Grant Show, seen off-Broadway in Wit and best known for his years on TV's "Melrose Place," will play Al in Duke University's staging of Birdy by Naomi Wallace, March 7-19. Wallace Acton will play the title character in the drama, which has hopes of flying into a Broadway theatre this spring. Acton received a 1996 Helen Hayes Award for his work in a Washington DC mounting of Henry VI.

Bryan Richards (younger Al), Robert Hogan (Dr. Weiss), Michael Pitt (Younger Birdy) and Teagle Bougere (Renaldi) comprise the remaining Duke cast. Pitt played Henry on TV's "Dawson's Creek," Bougere appeared in the Patrick Stewart Tempest on Broadway a few seasons back.
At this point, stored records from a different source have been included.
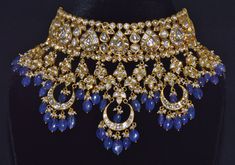 VINTAGE ASIAN LARGE 22K 18K GOLD TANZANITE, DIAMOND AND SEED PEARL CHOKER NECKLACE / EARRINGS SET !!THIS LISTING IS OF THE NECKLACE AND MATCHING EARRINGS!! GORGEOUS UNTREATED NATURAL DIAMONDS, NATURAL SEED PEARLS AND NATURAL TANZANITES EXTREMELY HIGH END - TOP QUALITY SET THIS IS AN ABSOLUTELY GORGEOUS LARGE BRIDAL CHOKER SET, STUDDED WITH NATURAL UNCUT DIAMONDS THROUGHOUT ACCENTED WITH HANGING GOLD LINKS / DROPS SET WITH MORE DIAMONDS. THE NECKLACE AND CHANDELIER EARRINGS HAVE BEAUTIFUL LARGE T Opulent Hallmarked Wedding Jewelry, Luxury Gold Kundan Necklace With Meenakari, Luxury Gold Meenakari Bridal Necklace, Luxury Gold Jewelry With Meenakari, Luxury Gold Meenakari Jewelry, Luxury Gold Bridal Necklace With Stone Work, Luxury 22k Gold Jewelry For Festive Season, Luxury 22k Gold Festive Jewelry, Festive 22k Gold Luxury Jewelry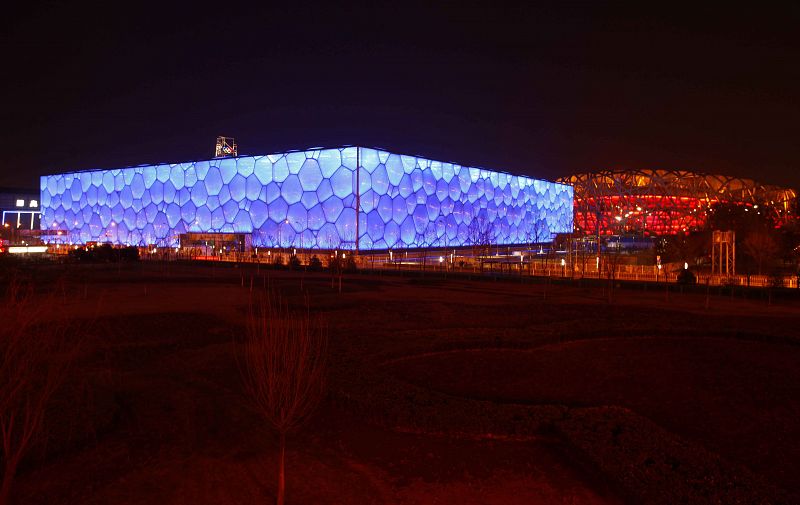 China's National Stadium and National Aquatics Center are seen before Earth Hour in Beijing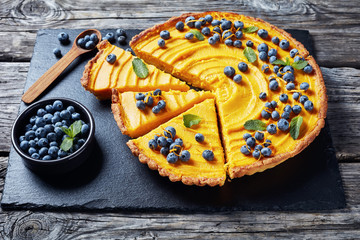 sweet pumpkin pie decorated with fresh berries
As reported by Theatrical Index, Spring Sirkin and Benjamin Mordecai are co-producing the play, based on William Wharton's off-beat novel. Kevin Knight, who directed the acclaimed 1997 London premiere of Birdy, also staged the U.S. premiere at Philadelphia Theatre Company in June 1998 and is slated to direct the Broadway mounting.

In early October 1999, a production spokesperson at the Bill Evans office confirmed that the show would have its brief tryout at the Reynolds Industrial Theatre of Duke University in Durham, NC.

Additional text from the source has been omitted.